With Israeli troops controlling seven of the eight main West Bank cities and towns, the Palestinian leadership issued a statement on Friday condemning the Israeli incursions into Palestinian areas as "an attempt to sabotage peace efforts."
The statement, quoted by the Palestinian Wafa news agency, appealed to the world leaders attending the G-8 summit in Canada to "send observers to the region to ensure implementation of a cease-fire."
At the hilltop Hebron building, where the regional Palestinian administration is housed, television showed a bulldozer knocking through the wall at the ground level of the fortress-like building. Friday was the fourth day of the Israeli siege of the building.
A day earlier, Israeli helicopters fired four missiles at the structure. Soldiers outside warned that they would go in and extract the gunmen if they did not give themselves up.
"I think they have to surrender and give up," Israeli Foreign Minister Shimon Peres said on Friday. "There is no sense for them to fight."
Sidr, who is from Hebron, said he went in with Israeli permission after discussing the matter with Israeli authorities. He said that after his look around he suggested to the Israelis they end the siege and check inside the building.
Tanks had been firing at the building, and explosions were heard every few minutes at the compound, witnesses said.
The military said about 15 Palestinians wanted by Israel as terrorism suspects were believed holed up inside the squat, unadorned building, which was first used by the British army and handed over, in turn, to Jordan, Israel and then the Palestinians.
"We know that a few wanted persons are inside and we intend to apprehend them," army spokesman Brig. Gen. Ron Kitrey told Israel Army Radio. "We prefer to do it without a battle, but if it proves necessary, there will be one."

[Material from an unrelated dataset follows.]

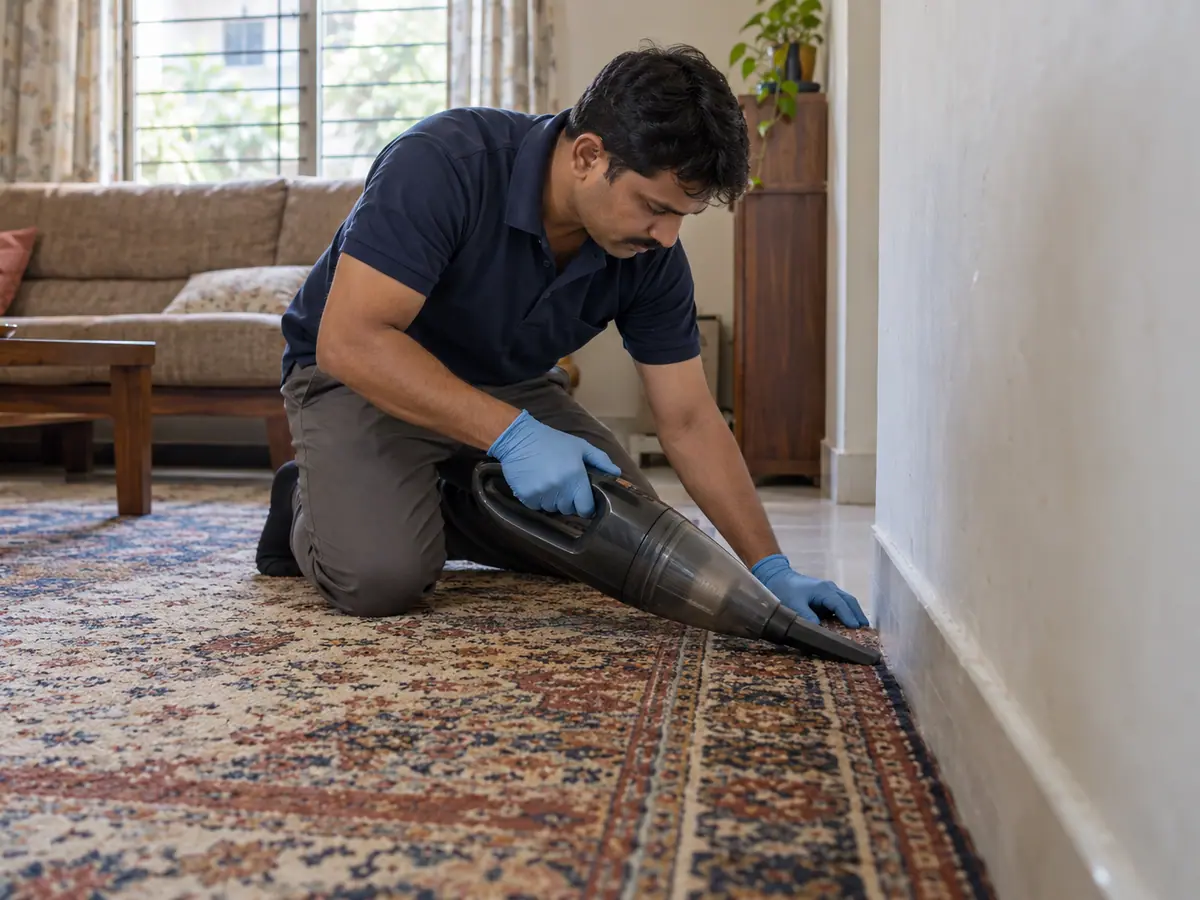 Technician vacuuming a carpet edge to remove carpet beetle larvae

Late Thursday the Israeli military said in a statement that soldiers in the West Bank town of Qalqilya "opened fire" on a group of people who were outside despite the curfew, wounding three children, one seriously. Palestinians said the seriously wounded child was a 9-year-old boy who was shot in the head and in critical condition.
"The preliminary investigation shows that the soldiers acted improperly, and the army expresses its regret. The investigation continues," the statement said.
The incident was apparently a tragic misunderstanding. Palestinian high school seniors are taking standardized final exams this week, and in many places the Israeli military is lifting the curfew to allow them to get to their schools. Israeli Civil Administration spokesman Maj. Peter Lerner confirmed that the intention was to lift the curfew for students in Qalqiliya.